Un système électrique.
« Gr. ήλεκτρον, ambre, ou bien métal brillant ; associé à ήλεκτώρ, scintillant. »
Extrait de : Jack Spicer : Language, White Rabbit Press 1965, traduit de l’anglais (américain) par Jean-René Lassalle.
Phonemics 3
On the tele-phone (distant sound) you sounded no distant than if you were talking to me in San Francisco on the telephone or in a bar or in a room. Long
Distance calls. They break sound
Into electrical impulses and put it back again. Like the long telesexual route to the brain or the even longer teleerotic route to the heart. The numbers dialed badly, the connection faint.
Your voice
consisted of sounds that I had
To route to phonemes, then to bound and free morphemes, then to syntactic structures. Telekinesis
Would not have been possible even if we were sitting at the same table. Long
Distance calls your father, your mother, your friend, your lover. The lips
Are never quite as far away as when you kiss.
An electric system.
“Gk. ήλέκτρον, amber, also shining metal; allied to ήλέκτωρ, gleaming.”

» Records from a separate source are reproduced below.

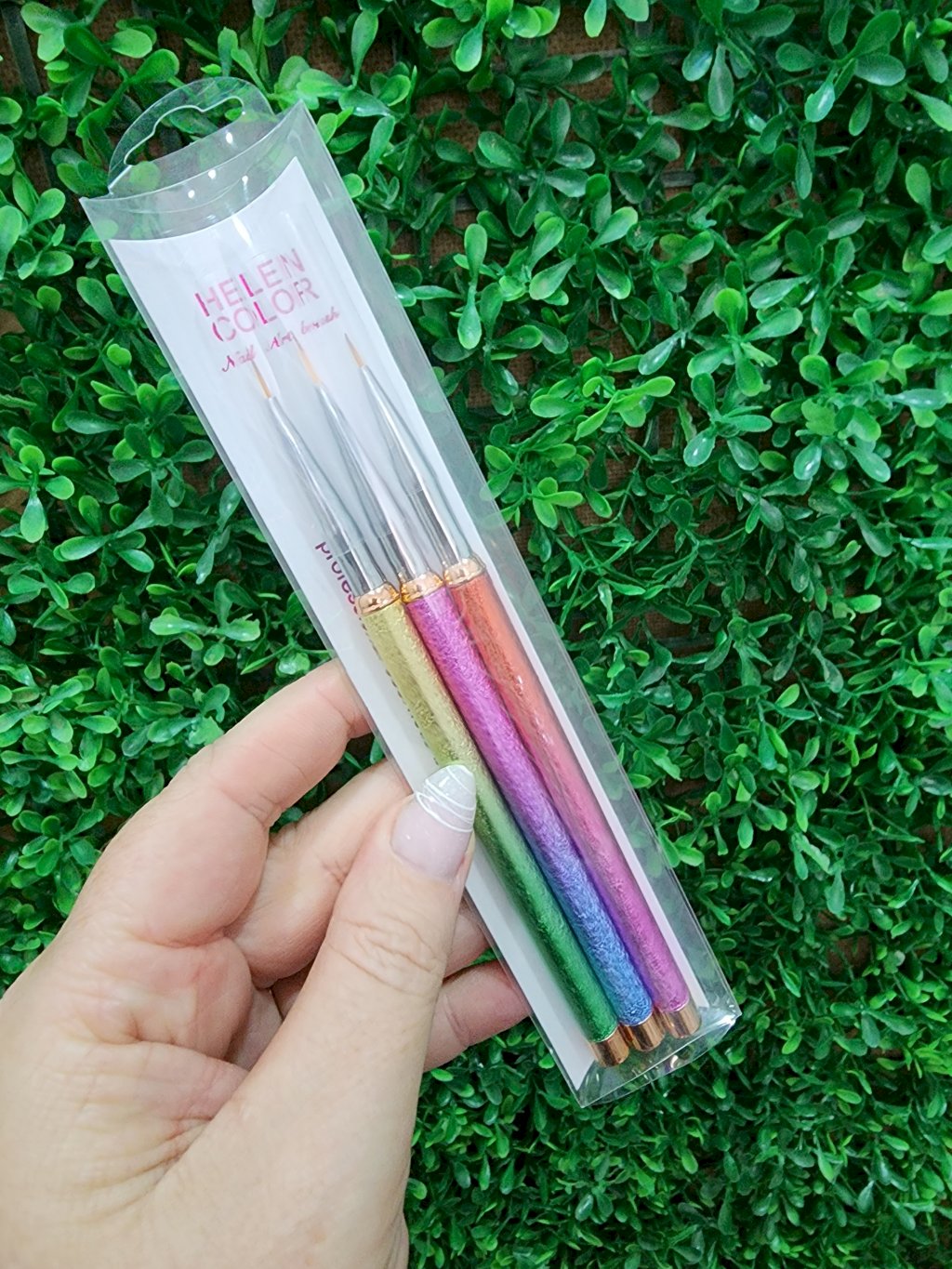 Kit pincel cabo areia colorida 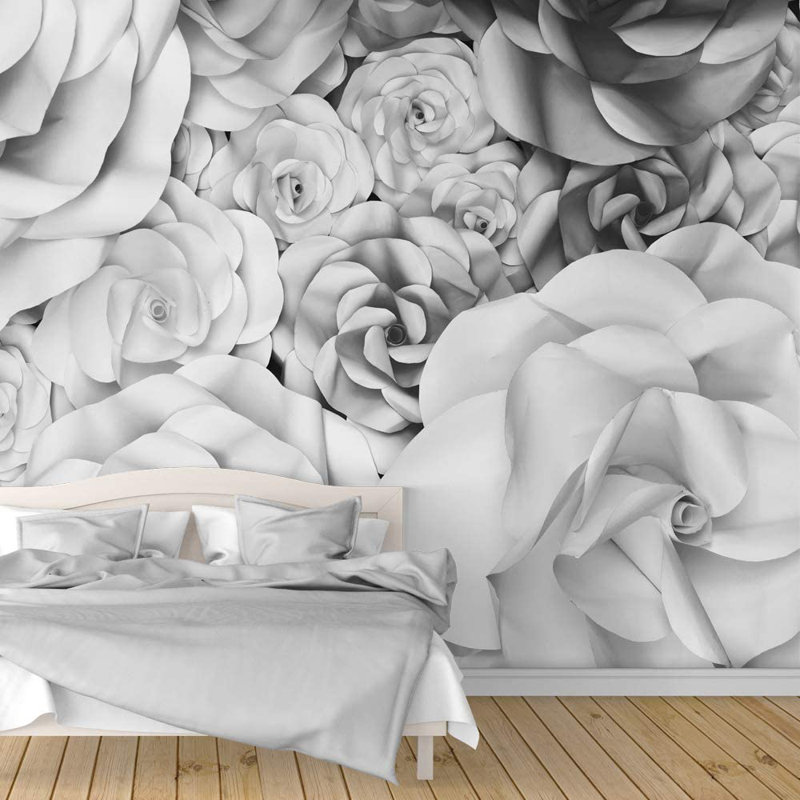 Abstract Floral Peel & Stick Border, 66" L x 96" W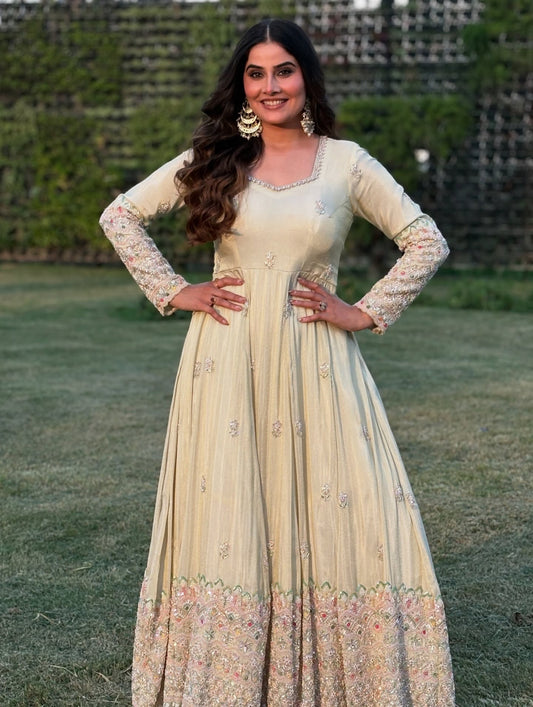 Dazzling Aura Pastel Anarkali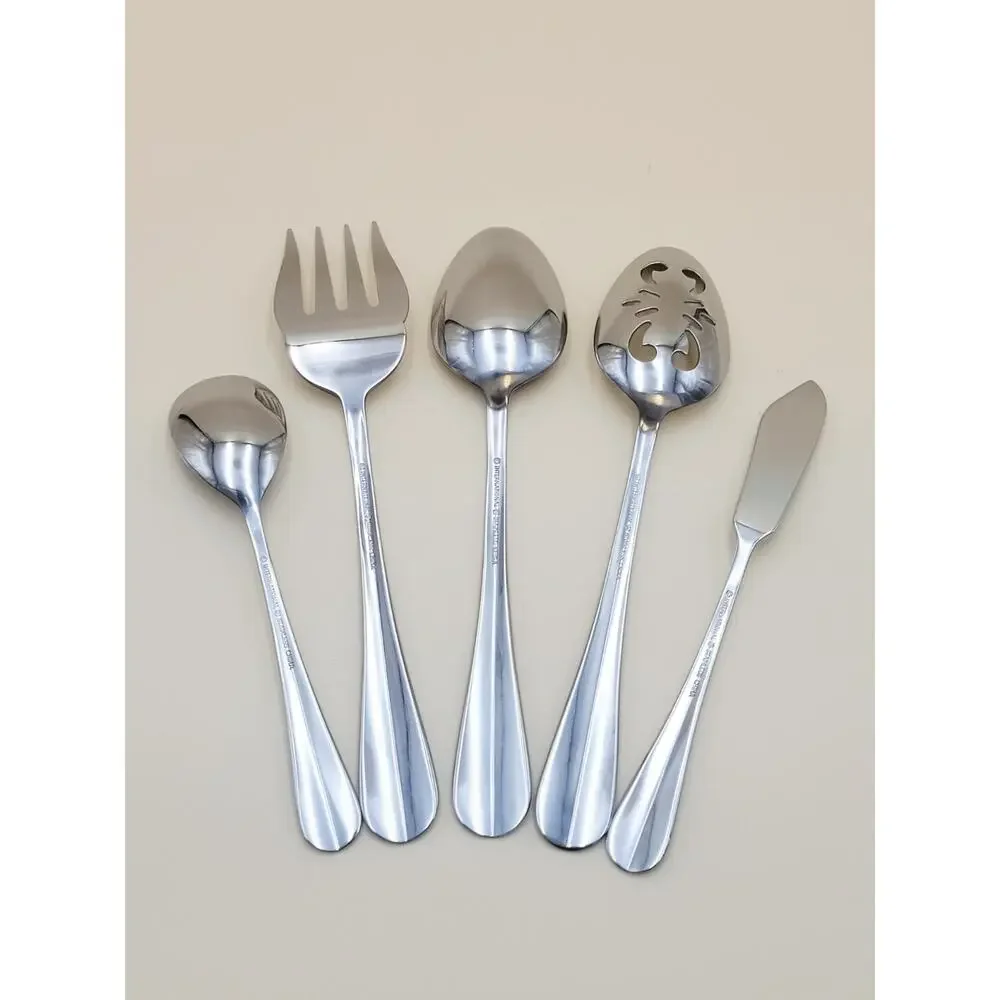 International Stainless SIMPLICITY 5 Serving pieces NEW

Extrait de : Jack Spicer : Language, White Rabbit Press 1965.
Élégie imaginaire 2
Dieu doit avoir un grand œil pour voir toutes les choses
Que nous avons perdues ou oubliées. Autrefois les hommes disaient
Que tous les objets perdus demeuraient sur la lune
Intouchés par aucun autre œil que celui de Dieu.
La lune est le gros œil jaune de Dieu qui se rappelle
Ce que nous avons perdu ou jamais pensé. C’est pourquoi
La lune a l’air brute et spectrale dans le noir.
Elle est les captages photo de chaque instant du monde
Mis à nu dans un affreux froid jaune.
Elle est les objets que jamais n’avons vu.
Est les dodos volant sous la neige
Qui filaient de la Terre de Baffin vers la pointe du Groenland
Et ne pouvaient même pas se voir.
La lune est destinée aux amants. Les amants se perdent
Eux-mêmes dans d’autres. Ne se voient pas.
La lune oui. La lune le fait.
La lune n’est pas un jaune appareil photo. Elle perçoit
Ce qui ne fut pas, ce qui défait, ce qui n’arrivera pas.
Elle n’est pas un acéré cliquetant œil de verre à pare-soleil. Juste une vieille
Infinie et lente exposition d’un
Négatif qui ne peut survenir.
Craignez le vieil œil de Dieu car il est injecté de glace
Au lieu de sang. Craignez son inhumaine brillance de miroir
Attirant les amants.
Craignez la lune de Dieu qui envoûte, enfonce des aiguilles
Dans des poupées oubliées. Craignez-la dans les loups.
Dans les sorcières, la magie, la folie, dans les pirouettes mondaines.
Le poète bâtit un château dans la lune
Fait de peaux mortes et de verre. Là de merveilleuses machines
Impriment des horoscopes dans des biscuits chinois fourrés d’amour.
Les cartes du tarot
Font l’amour à d’autres cartes de tarot. Ici l’agonie
N’est qu’une garce sœur de l’imagination.
C’est le château tourmenté de soleil qui
Reflète le soleil. Da dada da.
Le château chante.
Da. Je ne me rappelle pas ce que j’ai perdu. Dada.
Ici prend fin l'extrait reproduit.